In the midst of her pain, Shirer said she’s felt the freedom to “ask God my questions without questioning God.”
“We can ask God our questions and bring to Him our frailty in humanity. We can do all that without questioning the character of God, and that's what's carried me,” the “Overcomer” actress said. “I still believe God is good. I still believe He has a plan and a purpose for my life and for my family. Everything I believed — before we lost these seven loved ones — about God is the same thing I know to be true about Him now. He hasn't changed just because I'm in the valley.
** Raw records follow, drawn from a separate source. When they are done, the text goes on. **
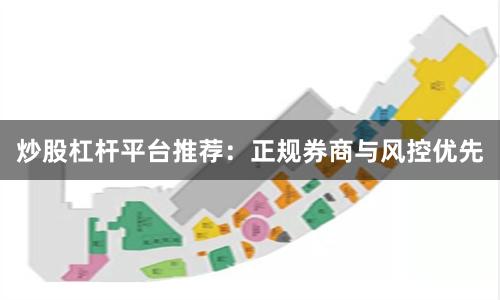 炒股杠杆平台推荐：正规券商与风控优先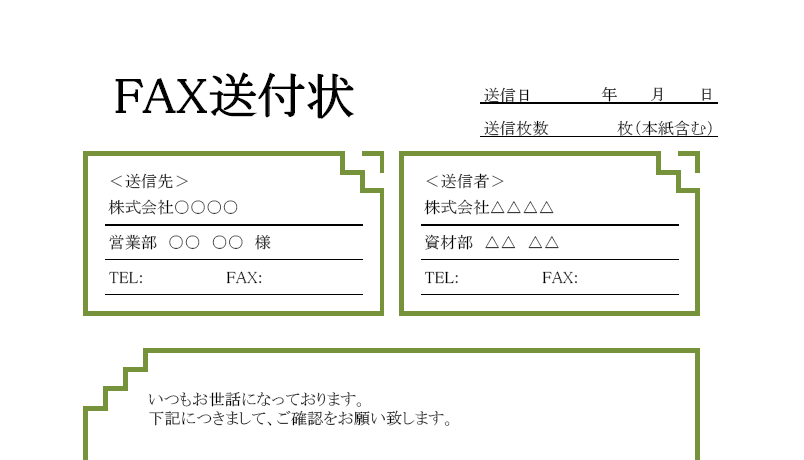 Fax送付状 エクセル ワード ｐｄｆ テンプレート 雛形 無料ダウンロード テンプレルン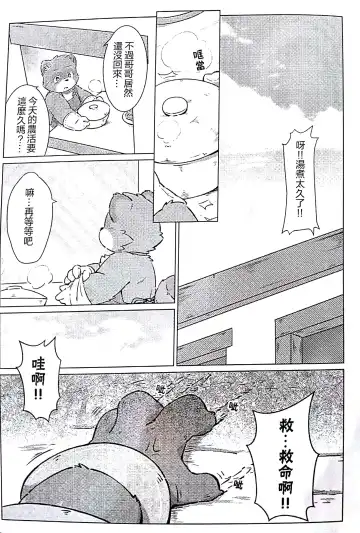 [Yama] 瓜田狸下 Fhentai.net - Page 7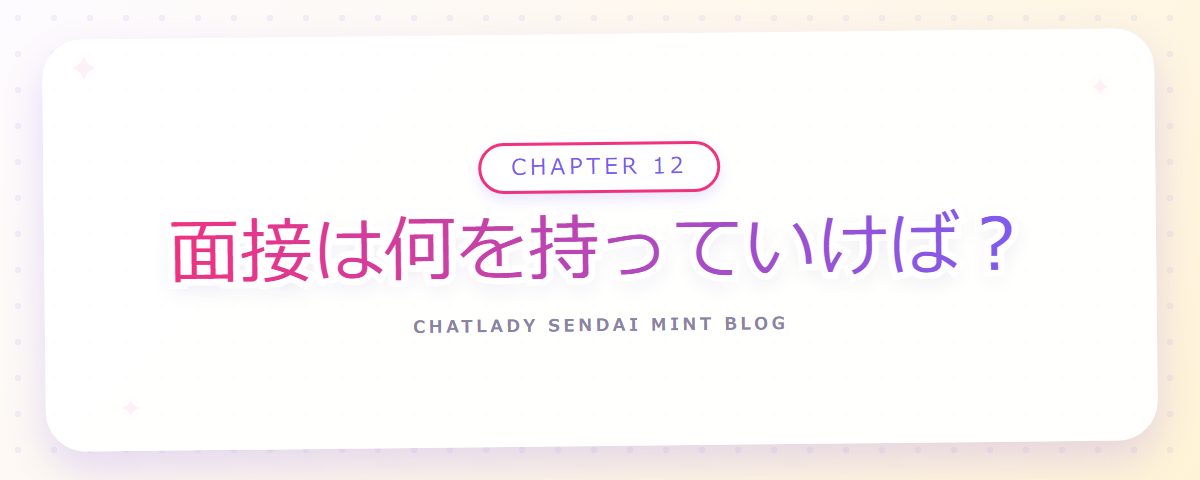 CHAPTER 12 面接は何を持っていけば？（章見出しカード）
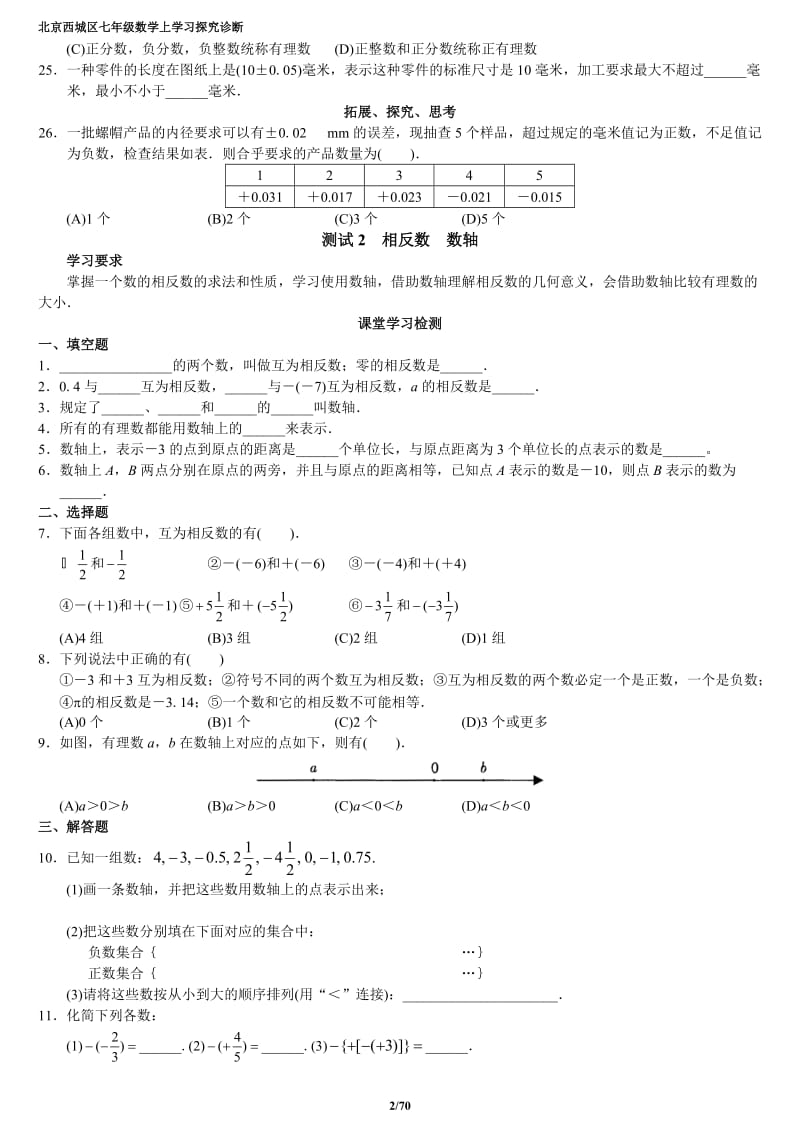 西城区学习探究诊断七年级上_第2页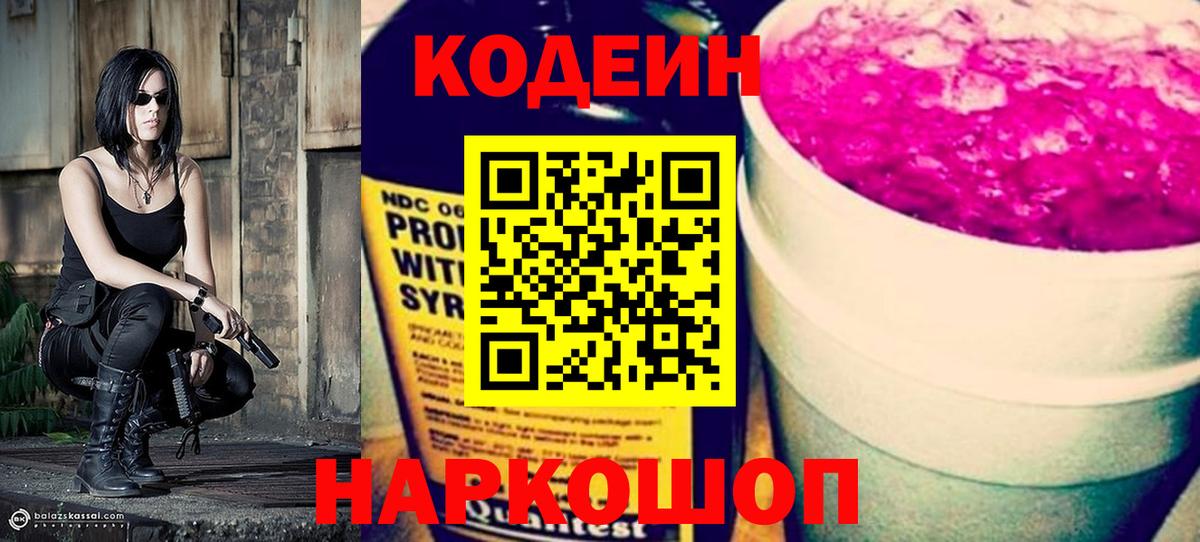 Кодеиновый сироп Lean напиток Lean (лин)  Вход с VPN  Тавда  Кодеин напиток Lean (лин) 
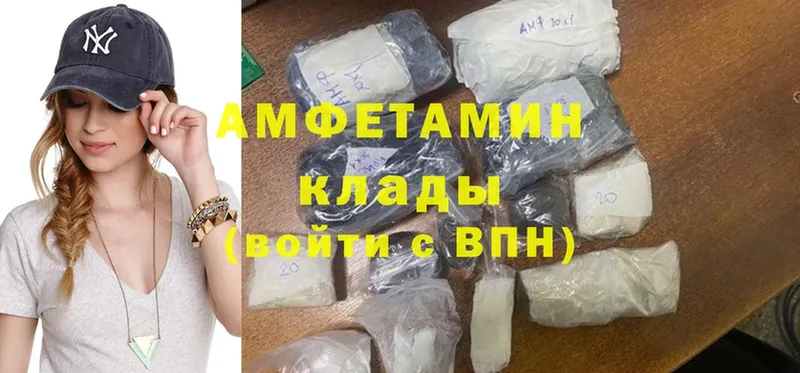 наркошоп  Волоколамск  АМФЕТАМИН Розовый 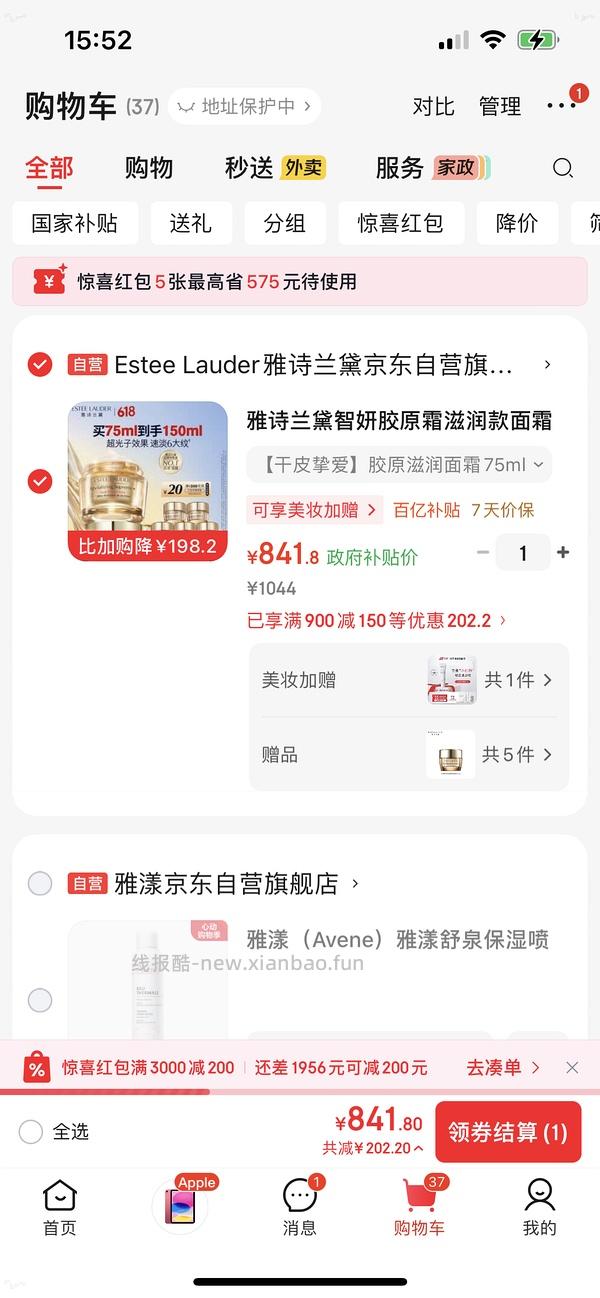 超好价智妍面霜150ml到手703 （日产的，介意就别看别买！ - 线报酷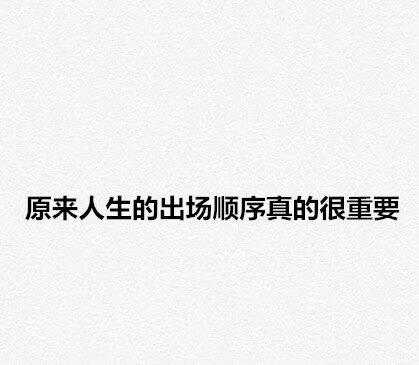 “在错误的时间遇到对的人，是怎样一种遗憾？” 愿看到的人，你们的爱永不落空。 ​​​​#你最大的遗憾是什么# ​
In fact, I get to experience all of those characteristics more now than I ever had before.”
“Once I find myself stepping into that category of questioning whether or not God is good or whether or not He loves me or whether or not He's sovereign and overseeing all of this, that's when I stopped myself and go, ‘That's not what we do, we know who God is, in my life and in my family's life, and we're going to stand firm in that because that's the hope of our salvation.’”
Western Christians often ask God to take away their suffering instead of praying, “Lord find me faithful while I suffer,” Shirer contended.
“That is the definition of overcoming,” she said. “I am in the midst of the struggle. I'm in the midst of the pain. The tears are falling from my eyes. But because I know who I belong to, and because I know that this is not the end of the story. ... I can still live with my chin held high with a peace that passes all understanding. I know death is real, but death has lost its sting, it doesn't control me. It doesn't make me anxious, it doesn't make me fearful. I trust God with my life. I know my life and the life of my loved ones is in the palm of His hand.”
“It doesn't mean I don't suffer. It just means that while I'm going through the suffering I'm praying, ‘Lord, find me faithful, help me to overcome more because I know what you put in me and the strength that you've given me access to by your spirit.”